Every year I make it my business not to comment about the Oscars, for the most part (partially because I might get ranty and I do still vaguely hold the hope of someday being nominated…yes, laugh it up as a pipe dream). If you want to read some good commentary and predictions quite similar to my ideals, go check out my friend Anita’s thoughts.
But this year I will say a few brief things, because I feel the need to clarify a few positions and unpopular opinions:
– I thought the acting performances in Precious were fantastic. It’s not a Best Picture film, but the acting was phenomenal. I didn’t find it unbelievable…probably because I read the book nearly a decade ago.

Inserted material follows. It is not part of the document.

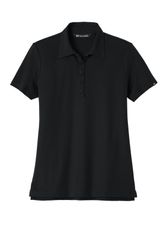Image of TravisMathew Women's Oceanside Solid Polo TM1WW001
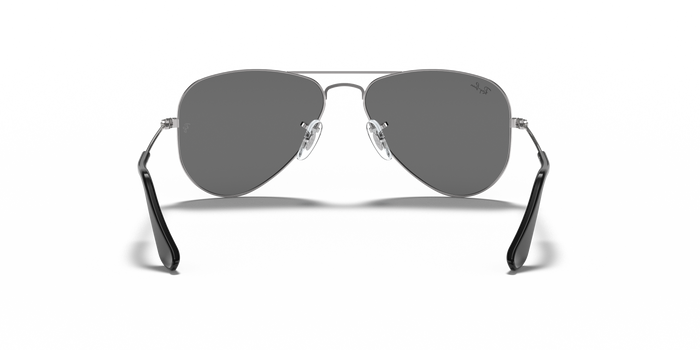 Ray-Ban RJ9506S 212/6G 52 14 太阳镜 — 图片 4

– Michael Giacchino deserves an Oscar for Up, but in my mind he’d get it as well for Star Trek, which was utterly amazing in its fit to the film and its play off the original Trek themes and film sound. You get big and you risk going John Williams/Jerry Goldsmith, which is fine but not astounding. Giacchino managed to take a cliche and turn it into something that still inspired wonder and emotion. Between that and Up, he’s the one to watch. Someone give this man more work.
– Team Bigelow. Not just because Hurt Locker is by all accounts lovely and my distaste for Avatar (on about ten different levels) is well-documented, not just because it is high friggin time a woman had a chance and pwned, but because I’ve been a Kathryn Bigelow fan since I watched Near Dark on VHS in 2002. Even when her films aren’t great (…K-19), they are always well-constructed and gorgeous.
– Contrary to popular belief, I don’t hate James Cameron’s work as a whole. Terminator 2 is one of my top 20, I liked Aliens and I enjoy True Lies. I just firmly believe something snapped in the man’s head when Titanic worked for him; I have a big problem with the auteur theory of cinema, I don’t believe it has a place in the current film industry. Avatar is classically, ridiculously OTT auteurism, and the fact that it cost more than a small nation’s yearly GDP to make is seriously worrisome for its implications about future Hollywood product. Of course, part of my distaste for Cameron could come from the fact that I was first taught film studies by the foremost academic critic of his work…
To sum up: I’d rather not have my heart ripped out. Best Picture is more than OOH THE PRETTY, it does have to have content. Kathryn Bigelow deserves all the acclaim she’s been getting and more. I’m going to go listen to the End Credits from Star Trek about five more times in a row. Good night.
(By the way, I did manage to get a haircut. It took one day notice. I am Paige’s melodramatic firstworldproblem sigh.)